So those of you who were complaining that "short erotic dino porn" was glutting up the
Kink
Kindle Unlimited program and eating up all your precious borrows in the global fund pot?  Be careful what you wish for. You got it now. I guess we'll see how many people are actually reading to the end of your 500 page epic fantasy tome. ;)

I predict that many "shorts" authors will opt out. (Poor Chuck Tingle - from $1.30 a borrow to... probably less than a $0.99 buy would net. But I guess we'll see! Not that I'm dissing Chuck Tingle - if there's an audience for Sharknado, there's an audience for anything!) Not that you should, but many may, just out of fear. But shorts are, in our attention deficit world, not necessarily a bad thing. Erotica writers have always written short - and we've generally been paid more for it, too. (Much to the chagrin of authors in other genres!) But for those, like this guy, who say that anything under 30 pages is a "scam?" Dude, go tell O'Henry that, eh?

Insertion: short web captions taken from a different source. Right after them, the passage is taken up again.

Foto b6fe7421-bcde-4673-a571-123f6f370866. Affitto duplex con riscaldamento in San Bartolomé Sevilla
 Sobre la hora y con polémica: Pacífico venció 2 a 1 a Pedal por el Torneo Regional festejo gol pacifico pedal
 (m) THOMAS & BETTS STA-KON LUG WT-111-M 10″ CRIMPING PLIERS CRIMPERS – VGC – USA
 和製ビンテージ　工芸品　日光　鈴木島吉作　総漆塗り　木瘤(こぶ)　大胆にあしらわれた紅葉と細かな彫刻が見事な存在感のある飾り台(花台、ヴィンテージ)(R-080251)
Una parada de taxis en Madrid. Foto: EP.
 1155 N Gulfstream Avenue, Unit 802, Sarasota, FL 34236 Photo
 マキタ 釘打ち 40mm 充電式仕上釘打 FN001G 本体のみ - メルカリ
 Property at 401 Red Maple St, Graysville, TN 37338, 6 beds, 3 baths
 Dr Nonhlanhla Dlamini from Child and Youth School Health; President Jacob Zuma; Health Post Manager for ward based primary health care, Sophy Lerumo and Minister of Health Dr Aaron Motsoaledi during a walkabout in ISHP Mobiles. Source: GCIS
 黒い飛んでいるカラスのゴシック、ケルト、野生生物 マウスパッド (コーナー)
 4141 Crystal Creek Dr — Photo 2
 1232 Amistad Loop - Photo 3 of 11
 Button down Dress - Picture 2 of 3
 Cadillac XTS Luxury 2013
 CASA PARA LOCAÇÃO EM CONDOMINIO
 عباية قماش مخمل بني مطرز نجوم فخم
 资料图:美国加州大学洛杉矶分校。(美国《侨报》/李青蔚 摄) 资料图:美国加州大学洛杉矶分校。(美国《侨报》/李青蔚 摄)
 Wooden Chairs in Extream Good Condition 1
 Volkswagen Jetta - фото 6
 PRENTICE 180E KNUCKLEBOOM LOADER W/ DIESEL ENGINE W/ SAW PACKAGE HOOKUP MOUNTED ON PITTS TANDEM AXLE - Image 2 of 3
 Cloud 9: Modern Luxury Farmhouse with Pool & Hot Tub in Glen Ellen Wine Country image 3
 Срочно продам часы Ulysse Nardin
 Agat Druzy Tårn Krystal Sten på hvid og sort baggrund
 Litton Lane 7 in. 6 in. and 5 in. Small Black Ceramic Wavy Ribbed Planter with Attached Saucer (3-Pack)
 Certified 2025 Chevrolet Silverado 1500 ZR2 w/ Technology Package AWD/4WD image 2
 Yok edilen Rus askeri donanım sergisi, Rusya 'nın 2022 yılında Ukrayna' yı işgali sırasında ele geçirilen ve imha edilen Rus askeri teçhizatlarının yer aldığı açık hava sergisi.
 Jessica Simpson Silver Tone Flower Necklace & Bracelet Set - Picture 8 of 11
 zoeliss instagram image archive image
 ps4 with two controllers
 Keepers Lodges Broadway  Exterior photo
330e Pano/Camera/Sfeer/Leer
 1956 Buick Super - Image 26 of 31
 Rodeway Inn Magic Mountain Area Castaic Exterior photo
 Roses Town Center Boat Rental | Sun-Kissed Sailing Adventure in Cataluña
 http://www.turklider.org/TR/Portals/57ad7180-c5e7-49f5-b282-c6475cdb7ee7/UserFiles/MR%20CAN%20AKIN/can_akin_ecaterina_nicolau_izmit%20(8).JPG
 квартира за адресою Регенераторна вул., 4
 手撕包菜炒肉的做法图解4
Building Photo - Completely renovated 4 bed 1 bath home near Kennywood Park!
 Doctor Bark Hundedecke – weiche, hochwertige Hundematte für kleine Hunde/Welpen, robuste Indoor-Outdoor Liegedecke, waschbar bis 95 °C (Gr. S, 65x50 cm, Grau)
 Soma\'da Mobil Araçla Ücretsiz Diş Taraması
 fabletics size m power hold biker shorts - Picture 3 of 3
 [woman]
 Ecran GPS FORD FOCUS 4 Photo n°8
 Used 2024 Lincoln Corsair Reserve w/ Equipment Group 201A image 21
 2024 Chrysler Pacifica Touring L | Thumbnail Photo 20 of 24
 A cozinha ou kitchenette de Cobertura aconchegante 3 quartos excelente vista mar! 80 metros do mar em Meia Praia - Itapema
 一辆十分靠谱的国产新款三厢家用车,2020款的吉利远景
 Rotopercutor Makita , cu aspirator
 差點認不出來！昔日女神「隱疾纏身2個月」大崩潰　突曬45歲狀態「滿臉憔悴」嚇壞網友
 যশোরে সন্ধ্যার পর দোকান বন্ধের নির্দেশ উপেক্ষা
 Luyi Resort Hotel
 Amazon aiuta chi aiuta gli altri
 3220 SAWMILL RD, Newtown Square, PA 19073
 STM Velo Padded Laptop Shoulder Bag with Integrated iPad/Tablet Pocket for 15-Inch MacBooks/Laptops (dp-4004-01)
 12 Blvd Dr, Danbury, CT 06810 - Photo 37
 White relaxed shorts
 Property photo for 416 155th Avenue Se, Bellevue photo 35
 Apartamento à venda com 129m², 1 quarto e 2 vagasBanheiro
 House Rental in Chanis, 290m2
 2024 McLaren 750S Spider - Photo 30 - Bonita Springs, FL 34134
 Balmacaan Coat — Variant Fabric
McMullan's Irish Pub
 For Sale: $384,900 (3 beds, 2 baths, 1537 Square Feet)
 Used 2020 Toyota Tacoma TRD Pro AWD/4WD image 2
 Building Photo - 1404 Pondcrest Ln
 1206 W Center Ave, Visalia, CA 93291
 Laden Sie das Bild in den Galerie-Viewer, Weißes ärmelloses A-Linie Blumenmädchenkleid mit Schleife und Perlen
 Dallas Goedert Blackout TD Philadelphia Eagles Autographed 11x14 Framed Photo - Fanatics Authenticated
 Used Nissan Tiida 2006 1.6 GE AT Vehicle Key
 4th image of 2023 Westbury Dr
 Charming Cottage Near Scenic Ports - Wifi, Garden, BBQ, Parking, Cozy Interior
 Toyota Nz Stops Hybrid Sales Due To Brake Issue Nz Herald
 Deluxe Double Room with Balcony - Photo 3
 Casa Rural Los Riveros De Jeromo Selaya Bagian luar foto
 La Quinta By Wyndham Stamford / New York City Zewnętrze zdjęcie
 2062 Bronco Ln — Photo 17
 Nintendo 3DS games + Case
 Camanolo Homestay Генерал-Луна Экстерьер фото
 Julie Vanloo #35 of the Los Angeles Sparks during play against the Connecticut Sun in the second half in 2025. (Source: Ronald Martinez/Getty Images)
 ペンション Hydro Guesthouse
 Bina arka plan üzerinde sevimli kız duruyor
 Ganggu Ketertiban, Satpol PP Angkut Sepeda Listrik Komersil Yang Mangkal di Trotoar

I know there are scammers out there who have been taking advantage of the 
Kink
Kindle Unlimited program - writing (literally) 500 words, throwing it up there with provocative covers and blurbs to make people one-click, and boom! Just opening it is 10%, so they now collect $1.30ish per borrow. And that sucks. There are always a few bad apples, right? But let's not lump shorts writers in with scammers, okay? To each their own. If my readers want to read a hot little short about an illicit relationship between stepsiblings, why not? That's not a scam. Nor is it or should it be penalized, simply because it's short.

The SkyJump in Vegas costs you $119 and lasts a few minutes. I rest my case. :P

I predict that mystery, thriller/suspense and horror writers will make a killing. People read those books to the end to find what happens! I predict short chapters with "cliffhanger" endings. I know people have been complaining about serials and cliffhangers - but I think we'll see more of them. Because cliffhangers! I predict the sweet spot will be 25-35K. 50K at most. I predict pages of short, snappy, untagged dialogue! ;) Oh the places authors will go...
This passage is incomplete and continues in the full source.